• _Data to process_
────────────────────

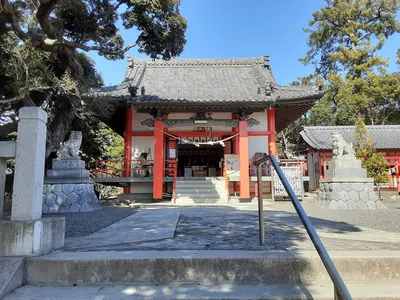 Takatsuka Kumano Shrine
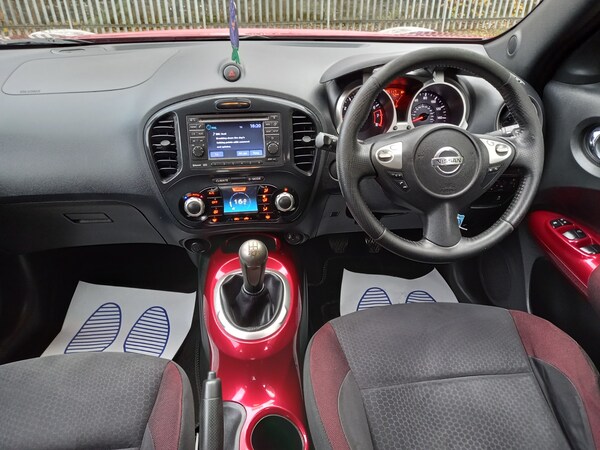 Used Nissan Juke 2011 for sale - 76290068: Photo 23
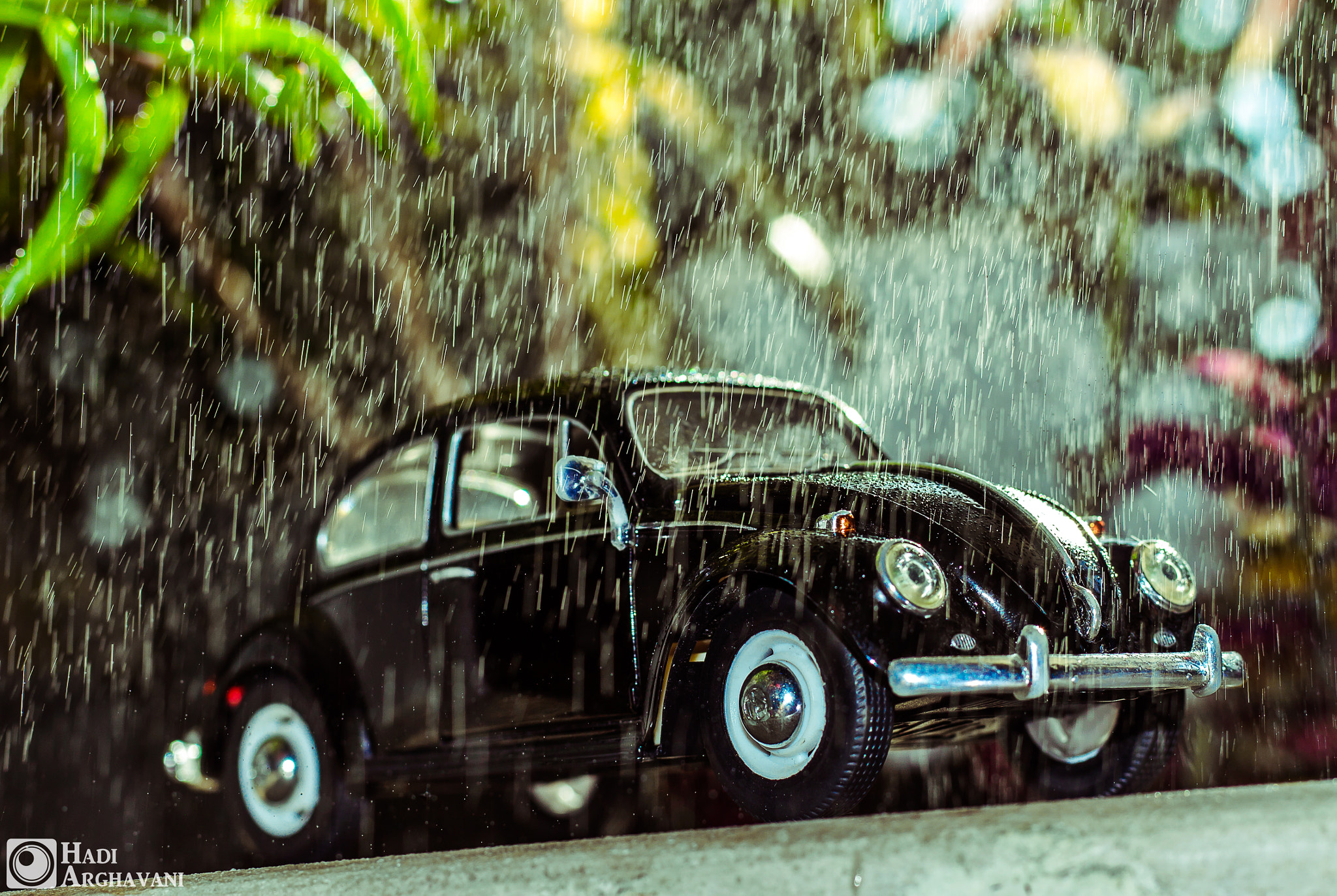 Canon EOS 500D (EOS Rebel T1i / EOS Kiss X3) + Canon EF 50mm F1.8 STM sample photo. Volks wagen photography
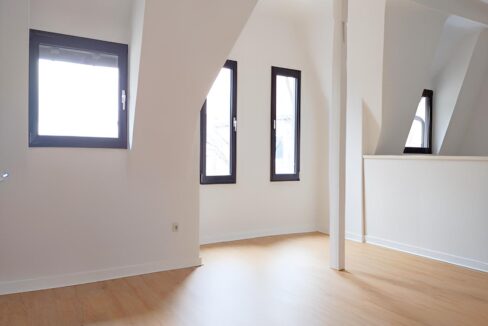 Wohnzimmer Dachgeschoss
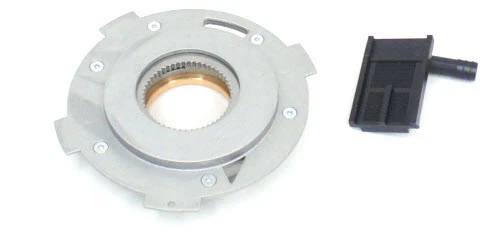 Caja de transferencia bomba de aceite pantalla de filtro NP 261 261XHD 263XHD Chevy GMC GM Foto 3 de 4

────────────────────

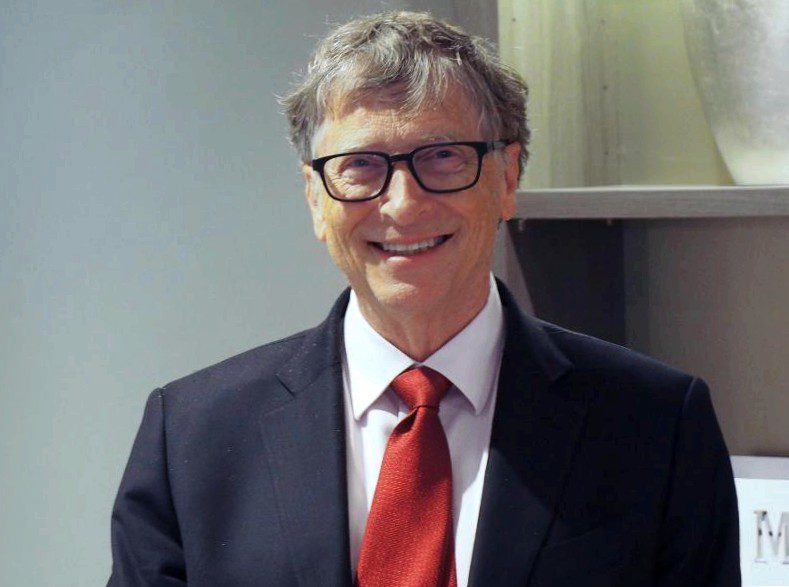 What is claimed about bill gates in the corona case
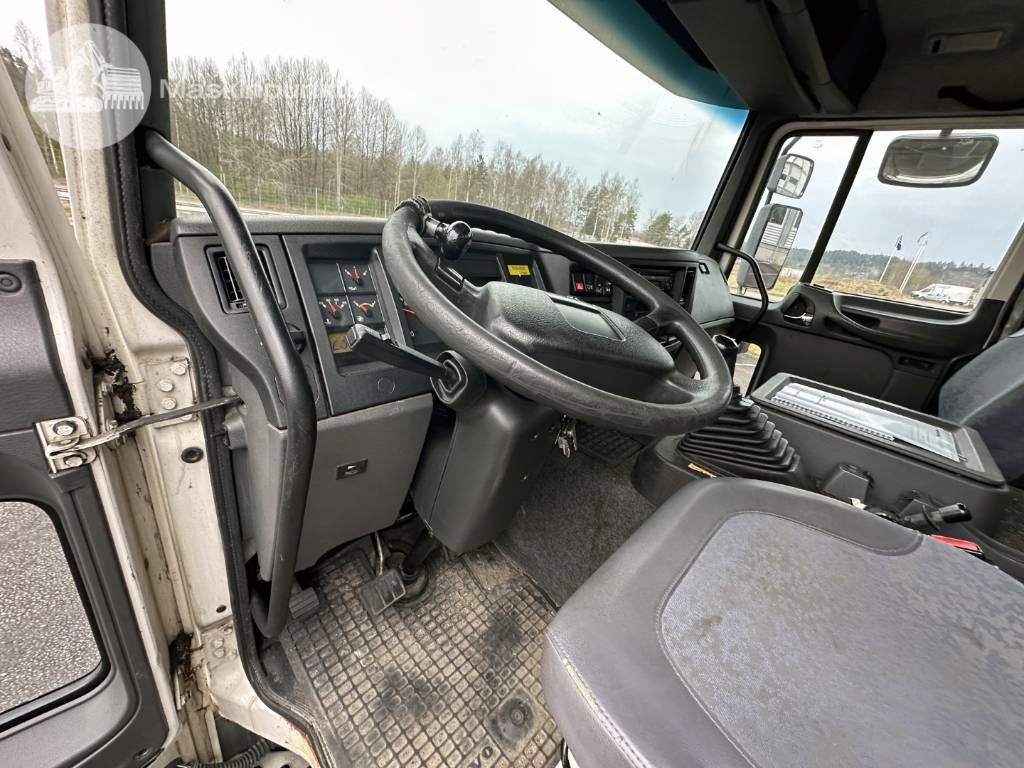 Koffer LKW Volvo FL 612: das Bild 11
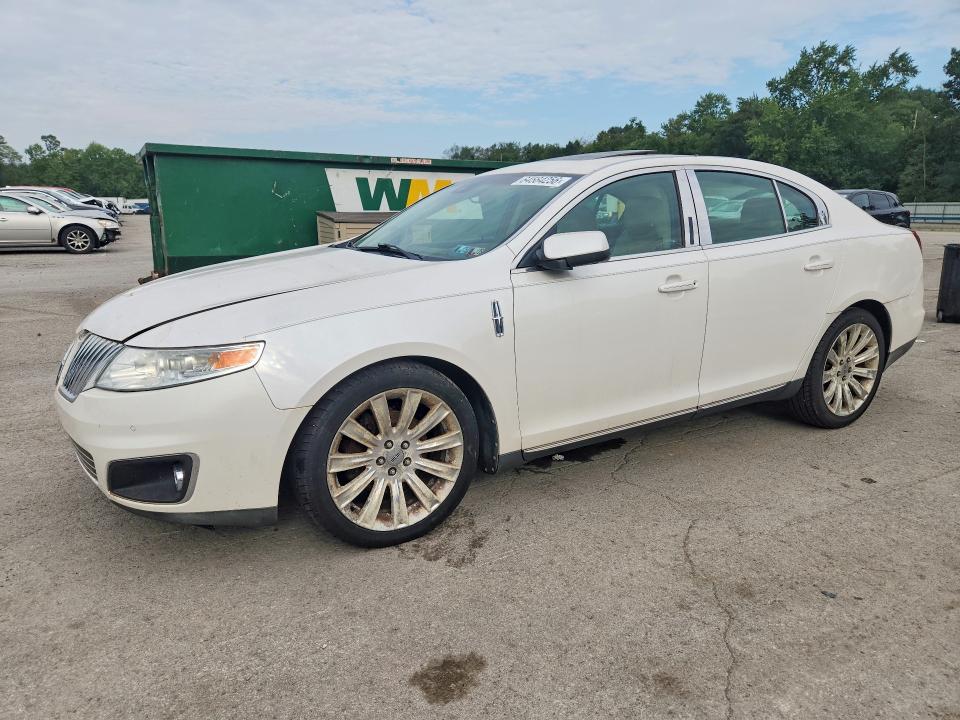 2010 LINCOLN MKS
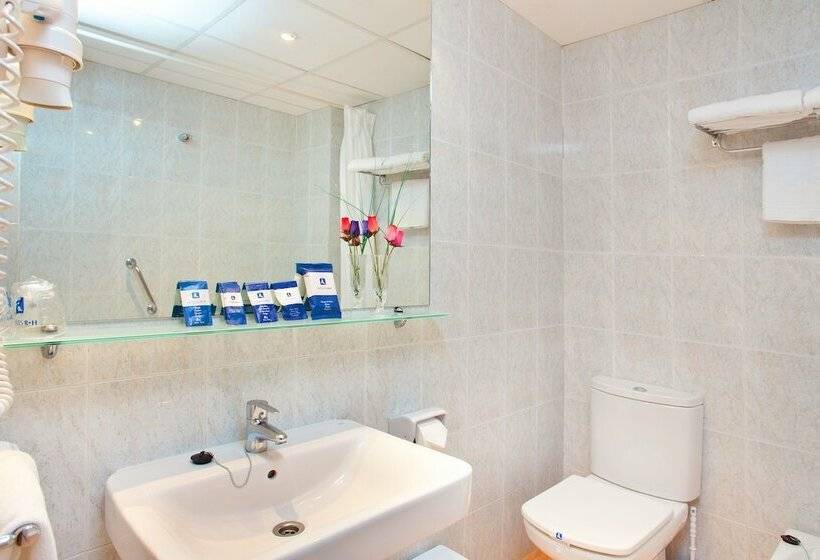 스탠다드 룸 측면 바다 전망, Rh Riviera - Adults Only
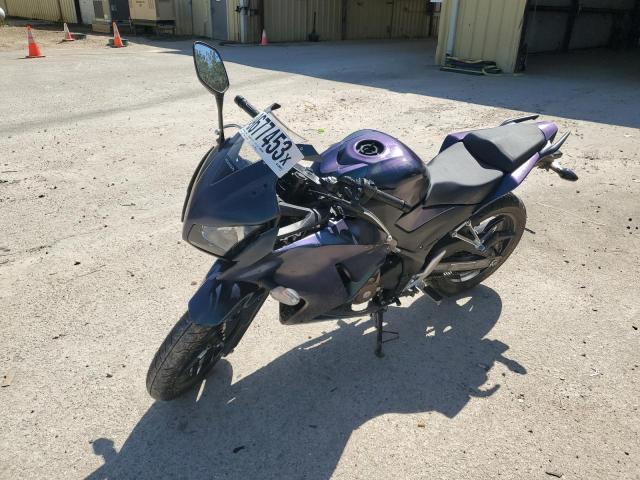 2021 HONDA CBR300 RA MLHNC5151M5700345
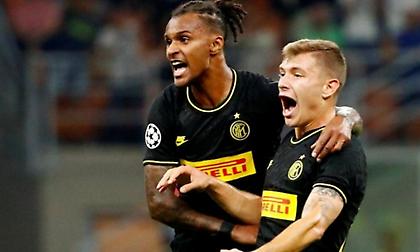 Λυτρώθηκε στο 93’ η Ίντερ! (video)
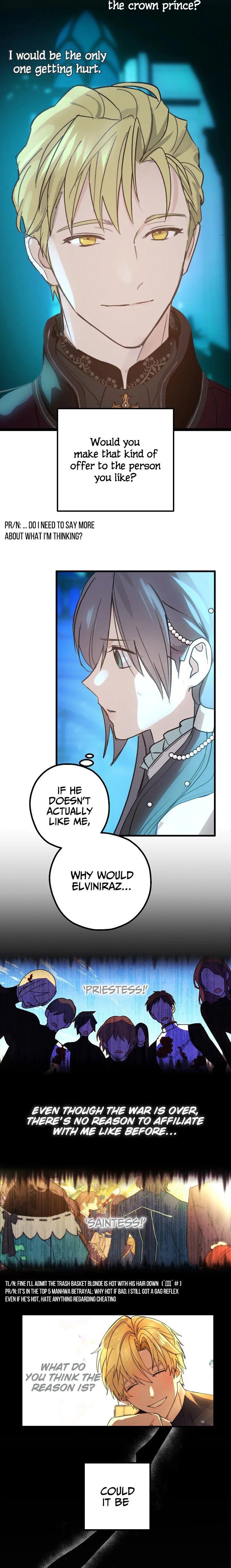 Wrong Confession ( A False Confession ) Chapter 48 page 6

────────────────────

• _Exercise instructions_
Your reply is to be an exact repeat of the listing above from the line holding "Takatsuka Kumano Shrine" down to the line holding "Caja de transferencia", ends included, pictures excluded.

• _Answer to the exercise_
 Takatsuka Kumano Shrine
 Used Nissan Juke 2011 for sale - 76290068: Photo 23
 Canon EOS 500D (EOS Rebel T1i / EOS Kiss X3) + Canon EF 50mm F1.8 STM sample photo. Volks wagen photography
 Wohnzimmer Dachgeschoss
 Caja de transferencia bomba de aceite pantalla de filtro NP 261 261XHD 263XHD Chevy GMC GM Foto 3 de 4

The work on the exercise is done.